Shortly after our twenty-fifth wedding anniversary, my husband died, aged forty-six. He had been fighting cancer for several years. I was left with my two young adult children and no idea where to go next. This wasn’t the life I had imagined twenty-five years before on our wedding day. I decided to take a course about the needs of children in low-income countries. I learned about the many challenges these children face: exploitation, malnutrition, abuse, neglect, and lack of education. I knew I wanted to help vulnerable and suffering children.
In Psalm 10, the psalmist asks, “Why, O Lord, do you stand far off in times of trouble?” Like me, the psalmist had assessed the world around him and had seen that the wicked exploited the weak. Like me, he believed that God is good, and he wanted to know why a good God did not get involved. In verse fourteen, the answer comes: “But you, God, see the trouble of the afflicted; you consider their grief and take it in hand. The helpless commit themselves to you; you are the helper of the fatherless.”

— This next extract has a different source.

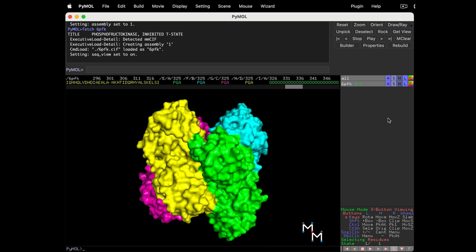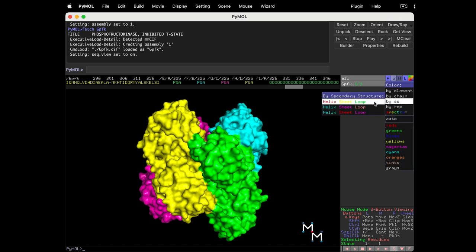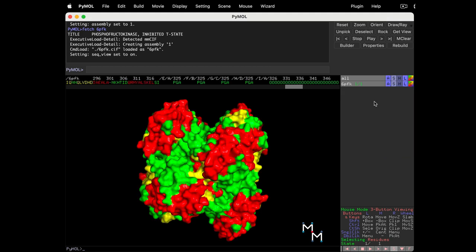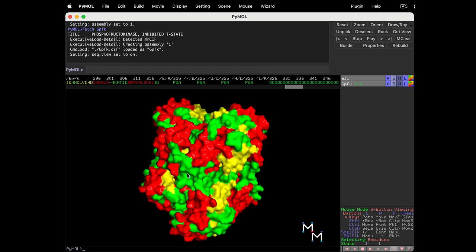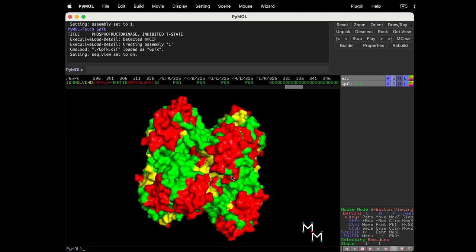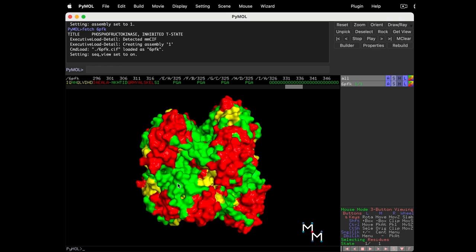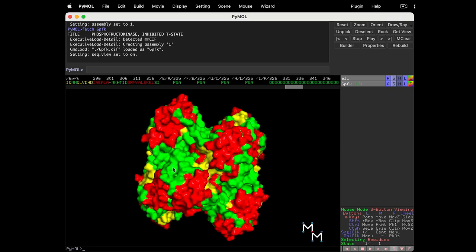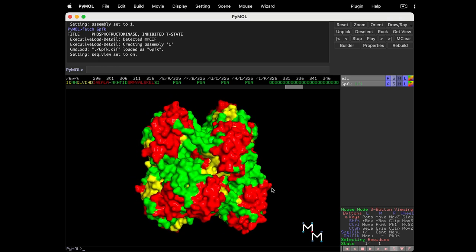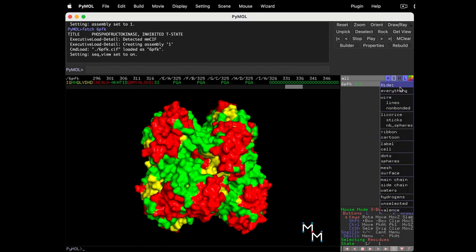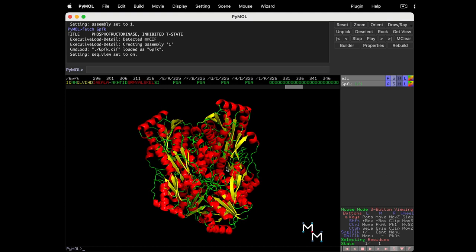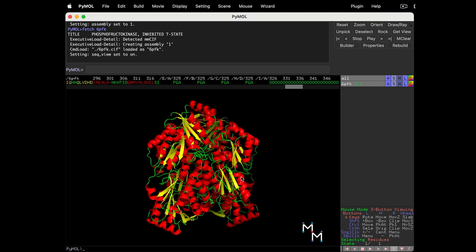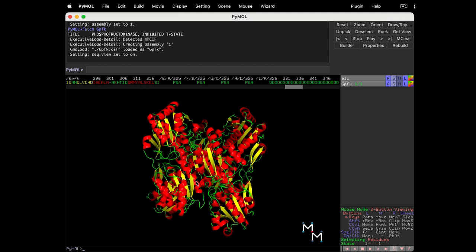Now, let's color by SS, secondary structure. This highlights alpha helices, beta sheets, and areas of the protein without a defined secondary structure called loops. But this rendering isn't super useful with the protein shown as surface, since the bumpy surface obscures the secondary structure. Hide the surface to reveal the cartoon beneath. Now that's cool, and very useful.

This passage inspired me to found Loom International. In 2007, my vision took off. I started meeting deeply dedicated people in India, Bangladesh, Romania, Mexico, and East Africa who were founding schools, building foster care homes for children whose parents had died from AIDS, and starting clinics and afterschool programs. They had often begun with minimal financial support and guidance, but they saw a need and started doing something. They knew their people and their community. Yet often the projects were struggling to keep afloat, even though their founders were passionate and committed. When resources and funding are scarce, staff can become burnt out and discouraged. Loom began by listening to these people, and asking what they needed in order to continue and expand their mission. Where they needed help, we backed them up.
In time, Loom became a support network for local communities, and in particular, the vulnerable children within those communities. We believe that children are intended to grow and mature in families and within communities committed to their flourishing, and that if you help the smallest, weakest, and poorest in a society to thrive, that society will flourish.